** What you should do **
Include the line with "The green smoothie revolution" and every line before it in the entries below, echoed exactly, but not the pictures.
--- Information supplied Enclosed Below ---
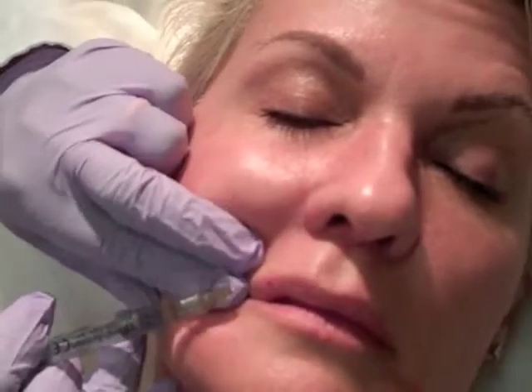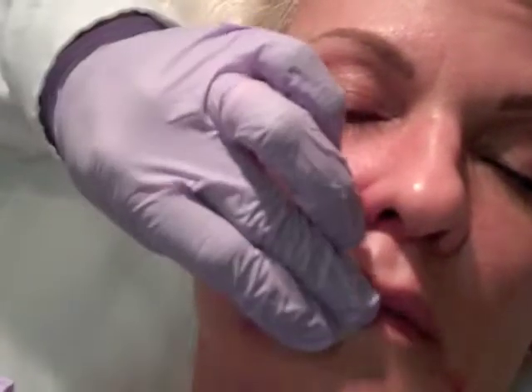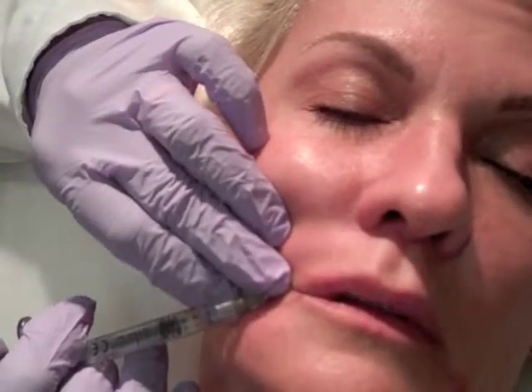It's a very straightforward filler. You note the vermilion line here which is along here, and it's an antegrade injection as I insert my needle into the lip area. A very, very small amount of filler needs to go in there. It bleeds a little bit but that bleeding will stop pretty quickly — the lip is a very vascular area as you know.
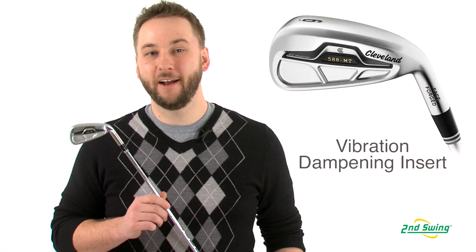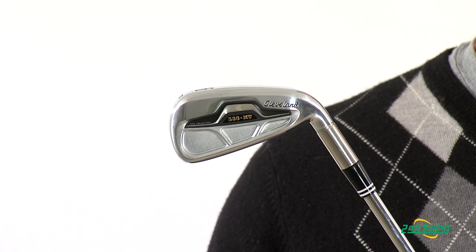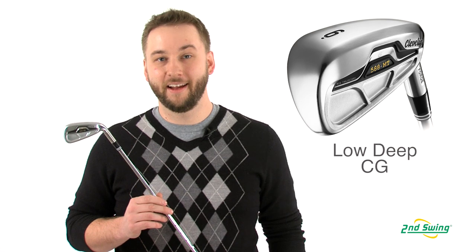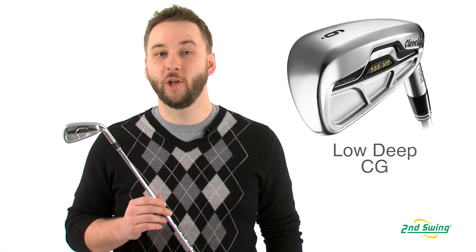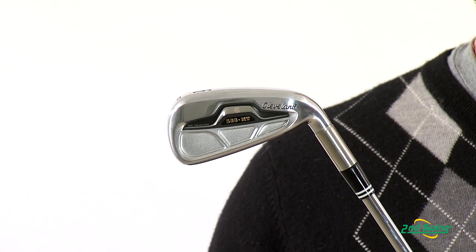The multi-material polymer and aluminum insert in the iron's plaque helps dampen vibration at impact for a more consistent feel. Advanced internal weighting adds forgiveness and provides a lower, deeper center of gravity for higher launches and effortless distance.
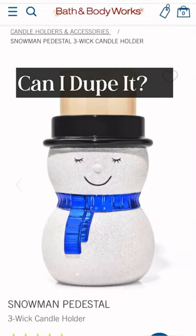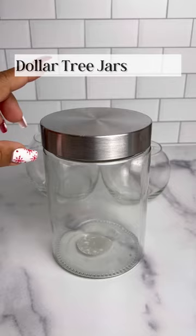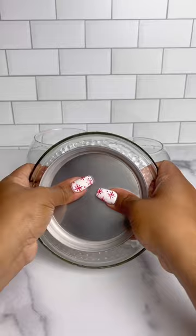Let's see if I can do a Dollar Tree DIY dupe of this Bath & Body Works candle holder. I grabbed these three jars from the Dollar Tree and removed the lid from the third jar and glued it onto a Dollar Tree candle holder. Then I painted it black and set it aside.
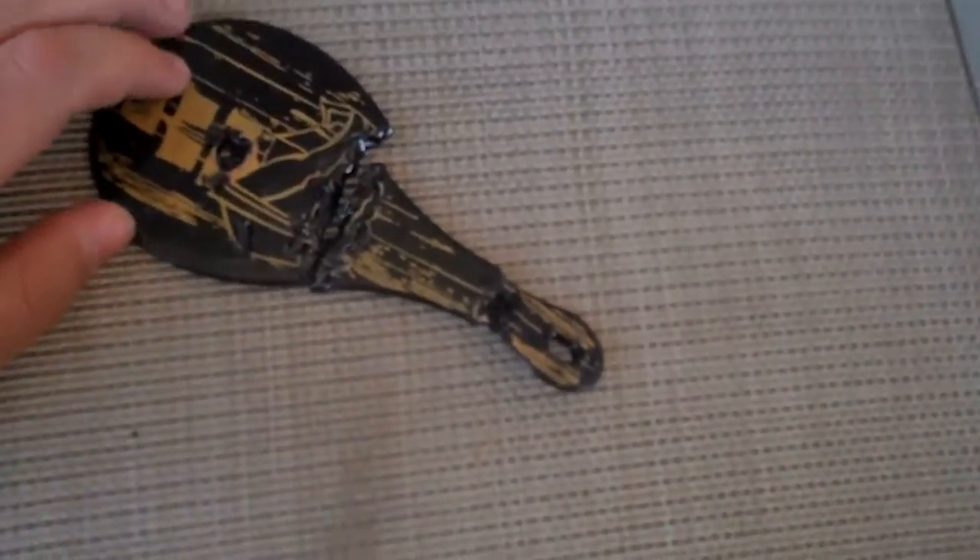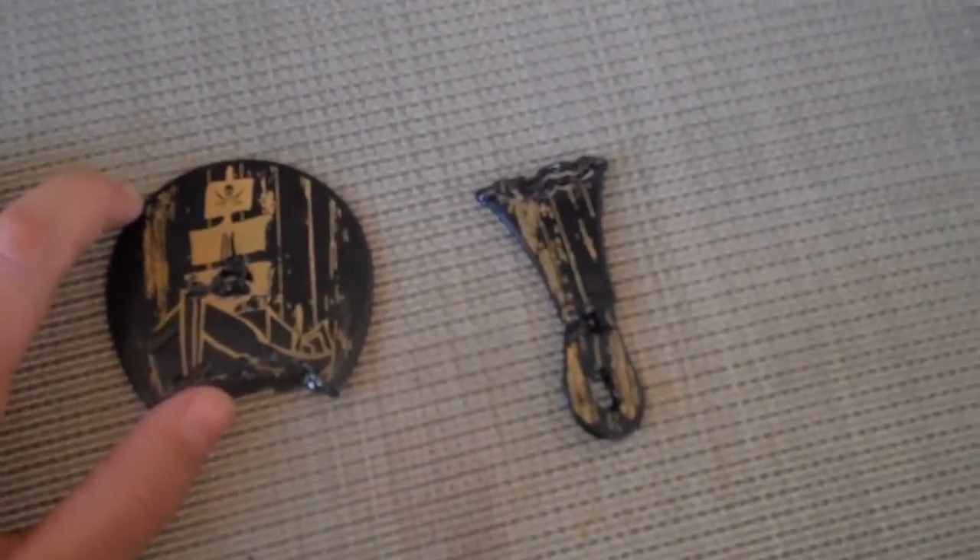See that? We're gonna probably try to put it back together like this, melt it together again, and show you that. But for now, that's a screwed up paddle.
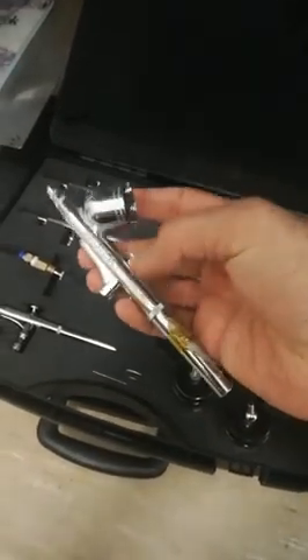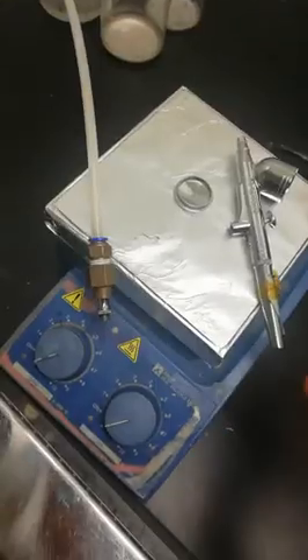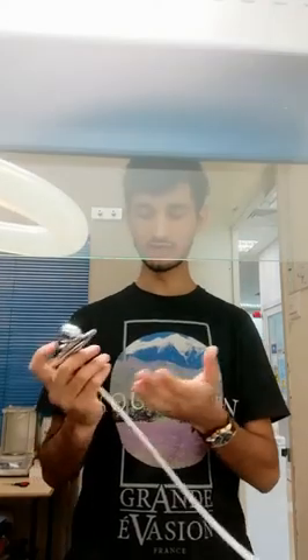This brush can be used for the silver nanowire spray coating. Connect this brush with the nitrogen cast. Now check the pressure of the nitrogen.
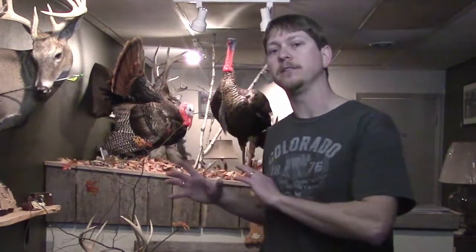They came right up to that blind and I ended up shooting one of them. So don't be afraid to set that blind out from the woods a little ways — it gives you different shot opportunities down different lines. You don't feel like you have to be tucked inside the woods.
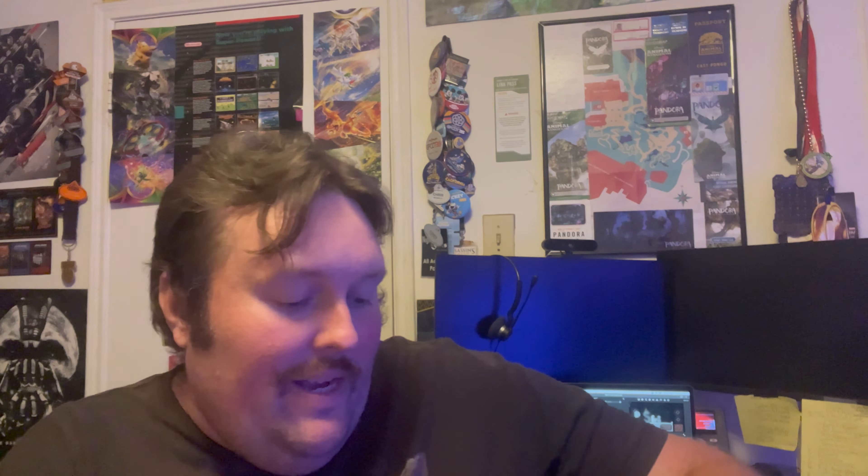But I'm going to find out. Here is the big old box for the collector's edition — there's the back of it. It's always nice to have fun giant boxes to put on display. So let's open it up and see what we got. We got some goodies in here!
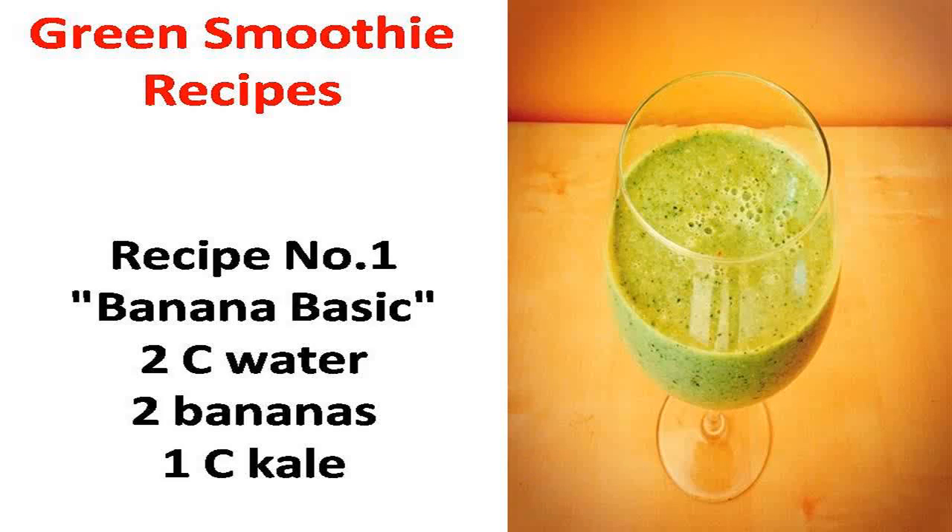The green smoothie revolution has taken over the world. Most people have now heard of the term green smoothie and would like to know how they can make their own green smoothie recipes. To make the green smoothies, blend all the ingredients until smooth.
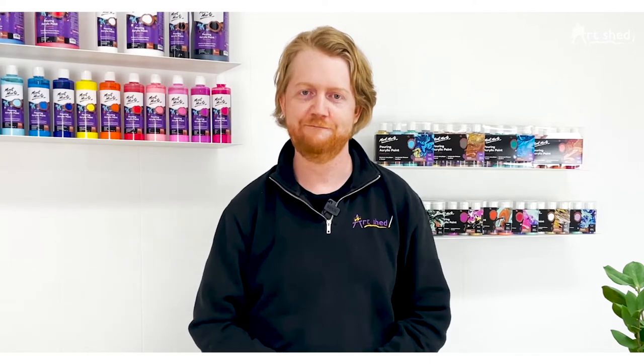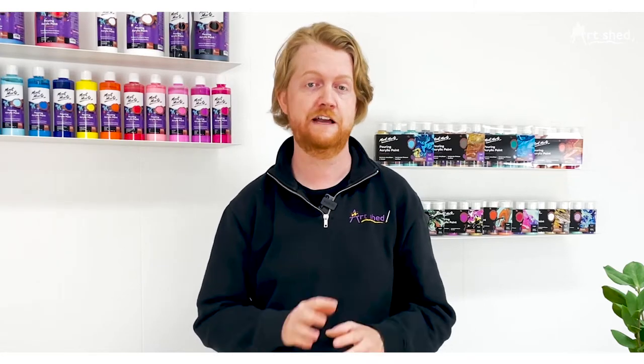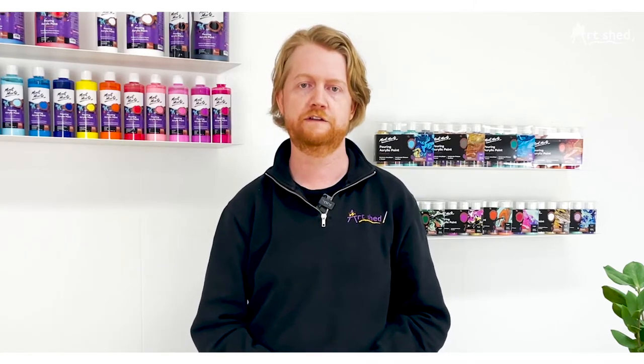The paint wizards at Montmartre have done it again with their stunning range of premium acrylic pouring paints that will make creating fluid art a breeze. Acrylic pouring has fast become such a popular technique in the art world in recent years, and the Montmartre acrylic pouring paint makes the stunning technique accessible and easy for everyone.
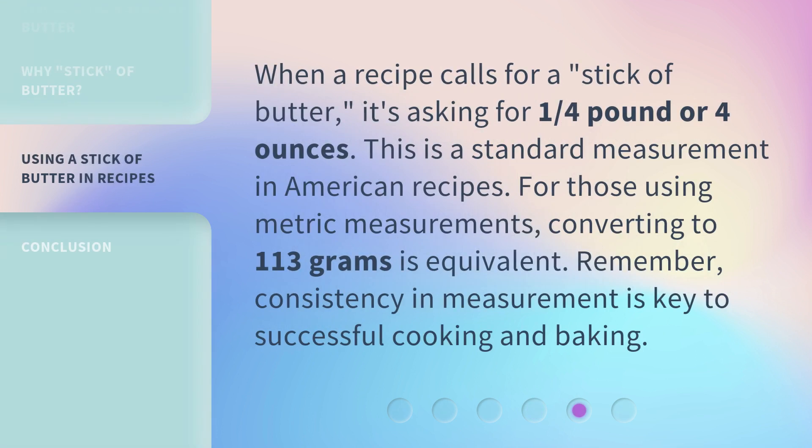When a recipe calls for a stick of butter, it's asking for one quarter pound or four ounces. This is a standard measurement in American recipes. For those using metric measurements, converting to 113 grams is equivalent. Remember, consistency in measurement is key to successful cooking and baking.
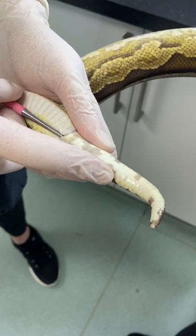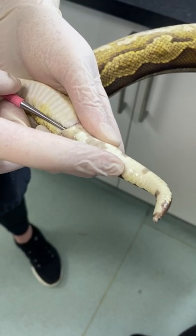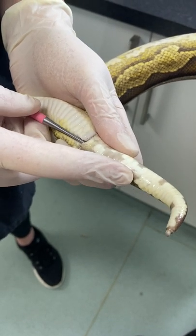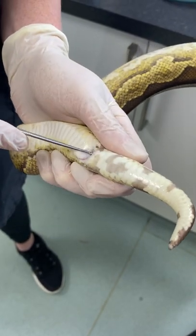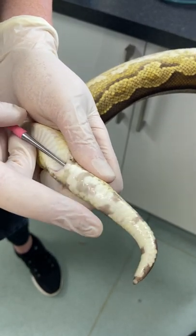Now gently insert the probe and count the number of scales going down. For this snake it's 10 scales — between 9 and 12 you're looking at a male, between 3 and 5 you're looking at a female, and anywhere in between it could be one or the other. You want to pop it in one side and do the same down the other side, just to make sure you're getting roughly the same result.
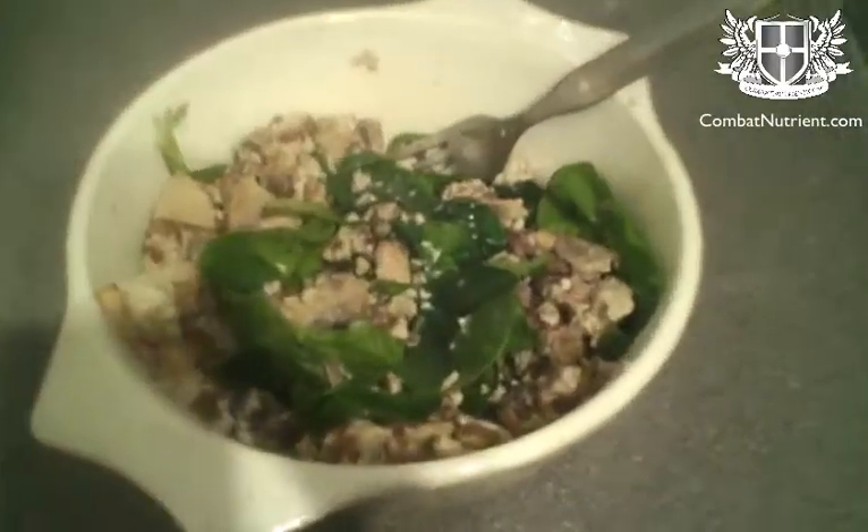I'm going to grab a handful of spinach. If we just stir that through, the heat will wilt that. Okay, the spinach is wilted in now, so here we are.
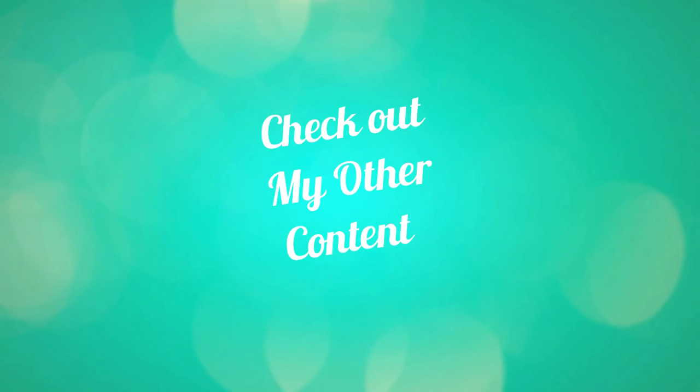If you like this video be sure to like it. I do vlogs, daily life, random stuff, so hit that subscribe button if that's something you're into. Until next time, I'll see ya — bye!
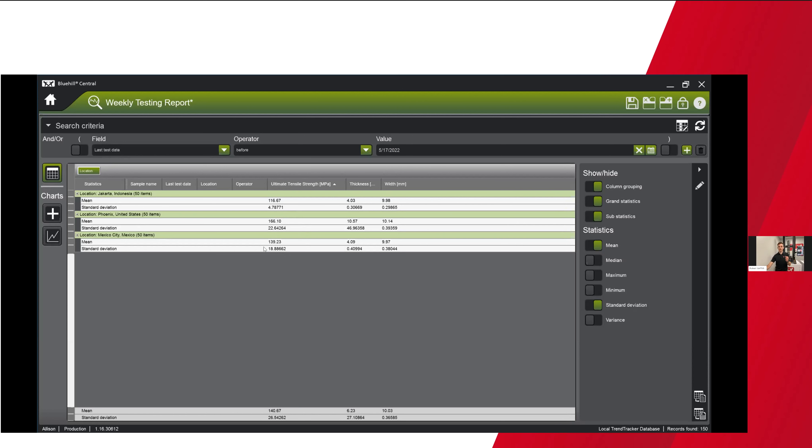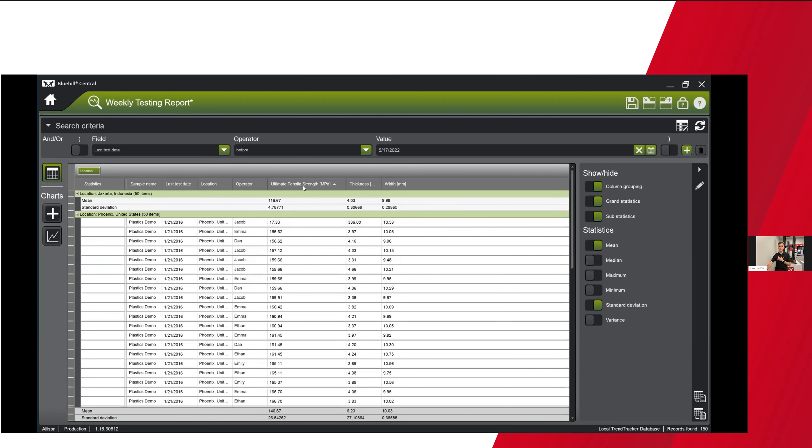I've added a basic calculation here for ultimate tensile strength. Looking at Phoenix, I see my standard deviation is quite high at 22. Drilling down by sorting by UTS, I find one test where the thickness was entered as 336 instead of 3.36 — since UTS is tied to specimen dimensions, that incorrect thickness value explains the outlier. As a quality manager, I'd view this as a one-off outlier rather than a systemic concern.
--- End of Enclosed Information supplied ---
** Expected answer **
It's a very straightforward filler. You note the vermilion line here which is along here, and it's an antegrade injection as I insert my needle into the lip area. A very, very small amount of filler needs to go in there. It bleeds a little bit but that bleeding will stop pretty quickly — the lip is a very vascular area as you know.
The multi-material polymer and aluminum insert in the iron's plaque helps dampen vibration at impact for a more consistent feel. Advanced internal weighting adds forgiveness and provides a lower, deeper center of gravity for higher launches and effortless distance.
Let's see if I can do a Dollar Tree DIY dupe of this Bath & Body Works candle holder. I grabbed these three jars from the Dollar Tree and removed the lid from the third jar and glued it onto a Dollar Tree candle holder. Then I painted it black and set it aside.
See that? We're gonna probably try to put it back together like this, melt it together again, and show you that. But for now, that's a screwed up paddle.
This brush can be used for the silver nanowire spray coating. Connect this brush with the nitrogen cast. Now check the pressure of the nitrogen.
They came right up to that blind and I ended up shooting one of them. So don't be afraid to set that blind out from the woods a little ways — it gives you different shot opportunities down different lines. You don't feel like you have to be tucked inside the woods.
But I'm going to find out. Here is the big old box for the collector's edition — there's the back of it. It's always nice to have fun giant boxes to put on display. So let's open it up and see what we got. We got some goodies in here!
The green smoothie revolution has taken over the world. Most people have now heard of the term green smoothie and would like to know how they can make their own green smoothie recipes. To make the green smoothies, blend all the ingredients until smooth.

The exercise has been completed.